◆ Task to carry out
Search the data for the string "Street" and extract every line where it appears.
(Provided entries Opens)
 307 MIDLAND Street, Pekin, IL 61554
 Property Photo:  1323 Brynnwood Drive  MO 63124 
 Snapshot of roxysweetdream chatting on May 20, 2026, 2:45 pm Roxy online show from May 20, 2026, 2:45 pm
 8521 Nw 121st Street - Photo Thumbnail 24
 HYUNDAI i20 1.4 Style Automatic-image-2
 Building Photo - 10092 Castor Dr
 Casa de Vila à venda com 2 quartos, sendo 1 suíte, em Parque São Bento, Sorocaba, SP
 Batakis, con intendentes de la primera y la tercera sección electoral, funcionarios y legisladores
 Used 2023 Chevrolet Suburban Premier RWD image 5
(Provided entries Closes)
◆ Finished task
 307 MIDLAND Street, Pekin, IL 61554
 8521 Nw 121st Street - Photo Thumbnail 24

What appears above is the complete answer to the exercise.